WHAT THE TASK REQUIRES: From the line that contains "If colposcopy detects" down to the final line below, please repeat each line exactly and nothing more, with no pictures.

___ RECORDS FOR THIS EXERCISE ___

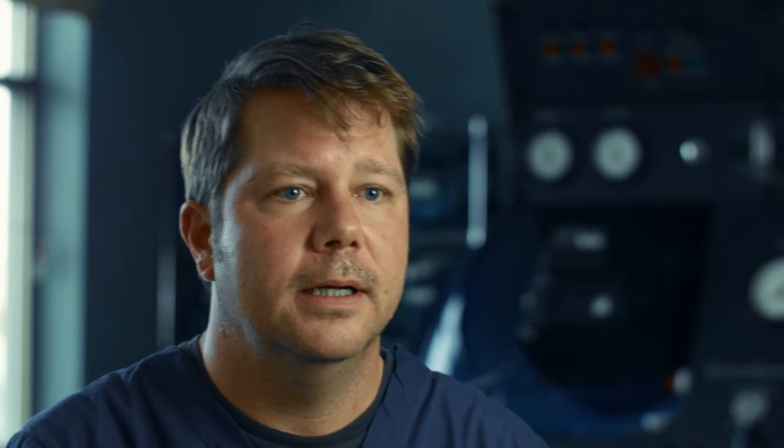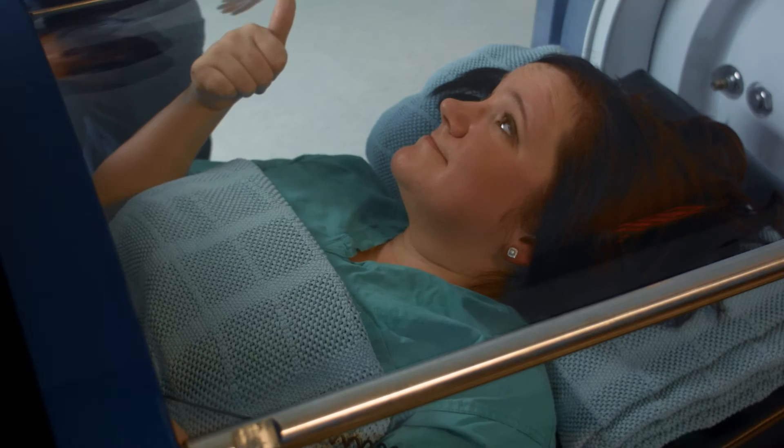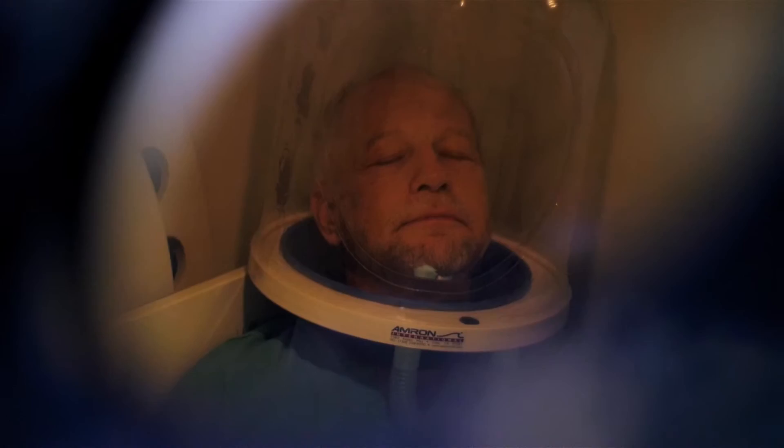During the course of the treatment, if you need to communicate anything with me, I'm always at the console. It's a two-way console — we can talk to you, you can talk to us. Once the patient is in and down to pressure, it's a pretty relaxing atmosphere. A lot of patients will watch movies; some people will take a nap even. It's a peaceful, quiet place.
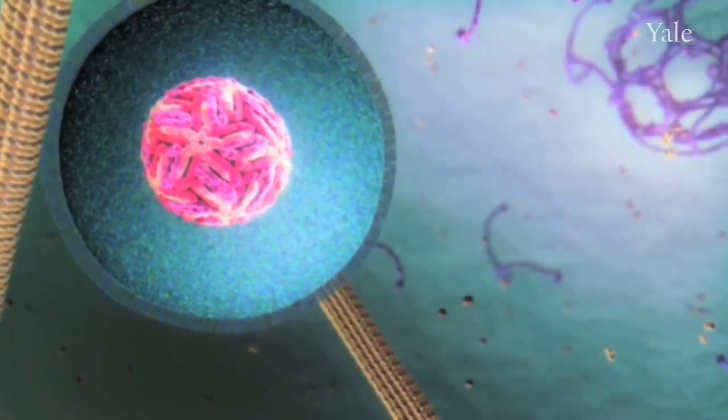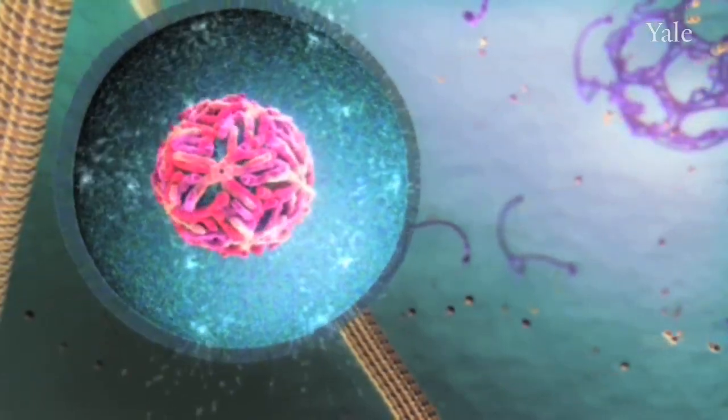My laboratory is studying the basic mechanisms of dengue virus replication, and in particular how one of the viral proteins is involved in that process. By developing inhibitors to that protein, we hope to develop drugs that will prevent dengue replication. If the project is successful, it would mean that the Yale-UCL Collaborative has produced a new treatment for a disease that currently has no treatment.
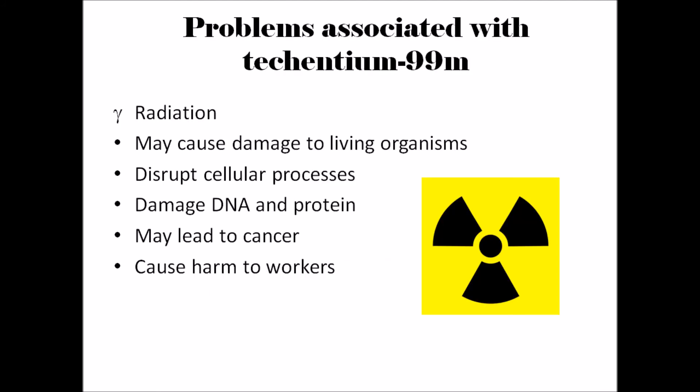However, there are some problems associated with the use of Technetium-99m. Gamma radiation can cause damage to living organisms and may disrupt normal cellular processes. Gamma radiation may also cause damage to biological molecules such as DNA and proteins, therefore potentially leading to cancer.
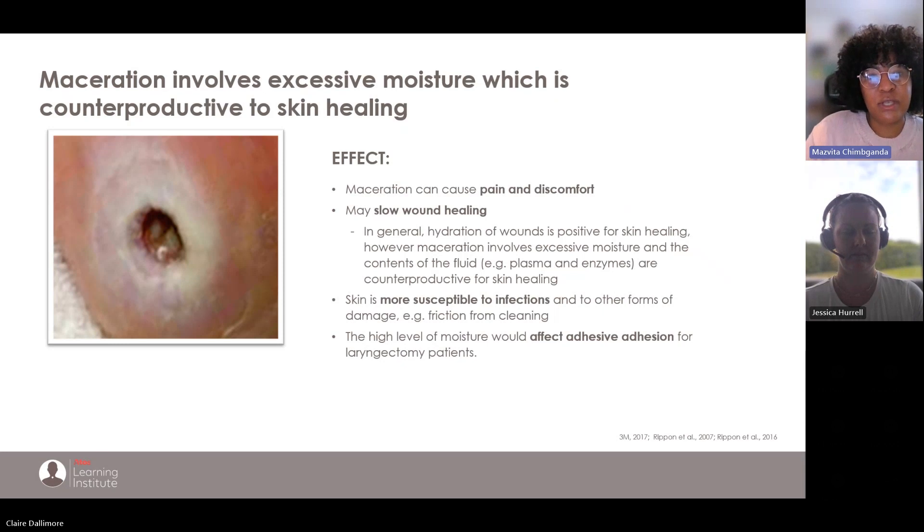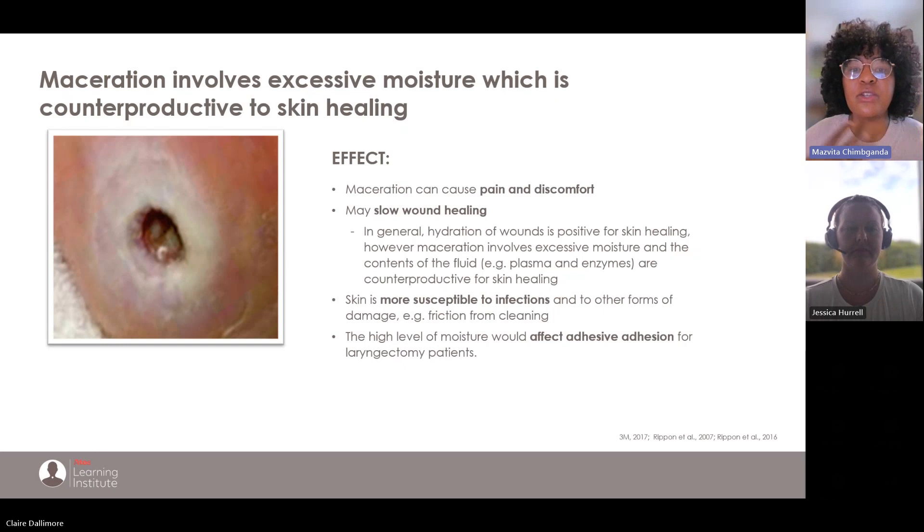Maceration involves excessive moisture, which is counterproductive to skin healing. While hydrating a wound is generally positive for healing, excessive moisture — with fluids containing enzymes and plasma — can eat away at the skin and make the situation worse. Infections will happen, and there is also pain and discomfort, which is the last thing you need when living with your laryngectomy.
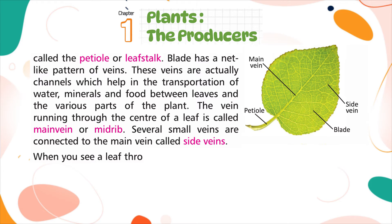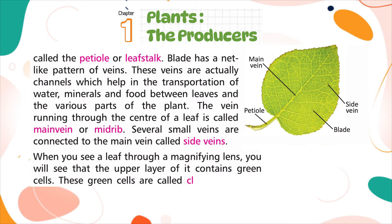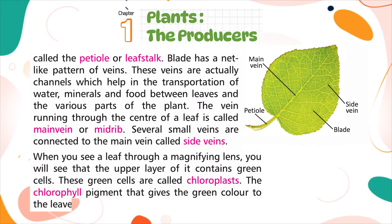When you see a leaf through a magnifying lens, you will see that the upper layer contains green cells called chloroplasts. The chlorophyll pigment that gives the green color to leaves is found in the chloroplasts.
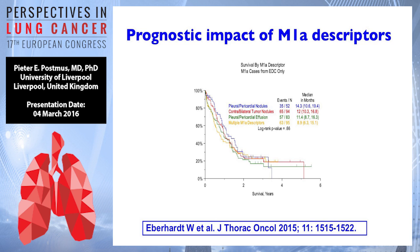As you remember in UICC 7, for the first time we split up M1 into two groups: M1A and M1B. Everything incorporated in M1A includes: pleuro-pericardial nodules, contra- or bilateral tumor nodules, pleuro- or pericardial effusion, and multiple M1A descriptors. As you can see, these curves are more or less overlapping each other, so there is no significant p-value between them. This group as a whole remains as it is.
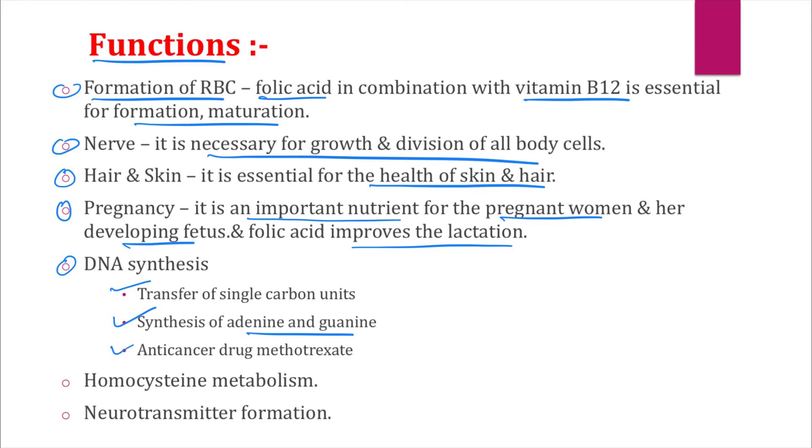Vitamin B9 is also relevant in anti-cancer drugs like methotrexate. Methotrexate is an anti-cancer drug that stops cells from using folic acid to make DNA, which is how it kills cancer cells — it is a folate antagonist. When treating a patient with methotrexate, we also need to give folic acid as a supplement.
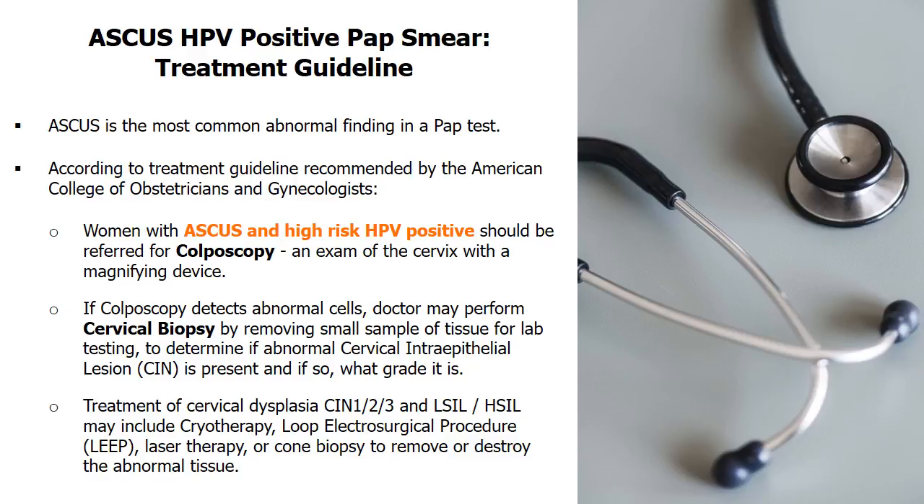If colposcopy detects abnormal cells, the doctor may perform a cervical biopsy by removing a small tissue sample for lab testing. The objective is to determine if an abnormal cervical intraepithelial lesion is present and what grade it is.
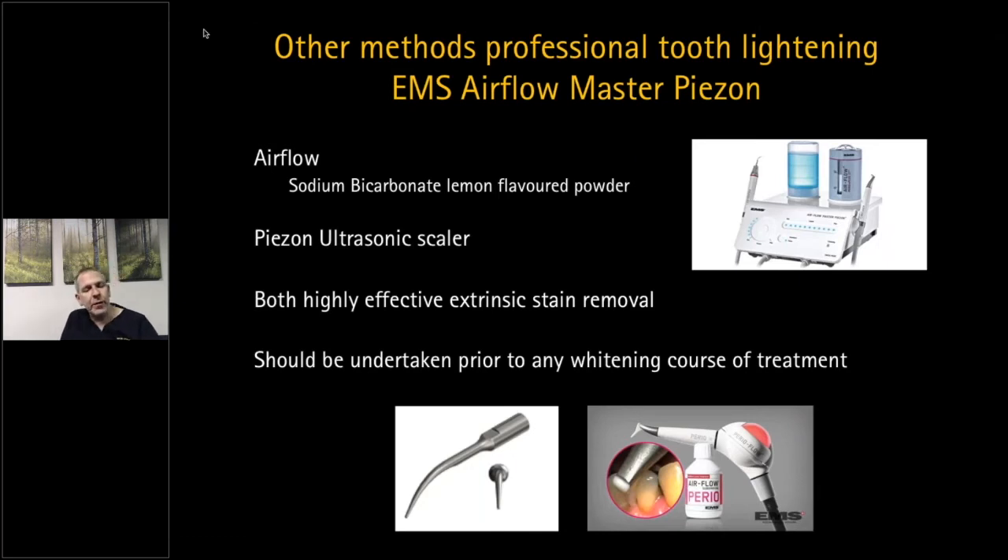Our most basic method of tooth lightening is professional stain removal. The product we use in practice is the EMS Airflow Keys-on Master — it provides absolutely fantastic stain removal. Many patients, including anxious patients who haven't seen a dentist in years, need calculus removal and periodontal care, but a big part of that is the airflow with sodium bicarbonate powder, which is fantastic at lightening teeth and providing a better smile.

___

ANSWER TO THIS PROBLEM:
If colposcopy detects abnormal cells, the doctor may perform a cervical biopsy by removing a small tissue sample for lab testing. The objective is to determine if an abnormal cervical intraepithelial lesion is present and what grade it is.
Our most basic method of tooth lightening is professional stain removal. The product we use in practice is the EMS Airflow Keys-on Master — it provides absolutely fantastic stain removal. Many patients, including anxious patients who haven't seen a dentist in years, need calculus removal and periodontal care, but a big part of that is the airflow with sodium bicarbonate powder, which is fantastic at lightening teeth and providing a better smile.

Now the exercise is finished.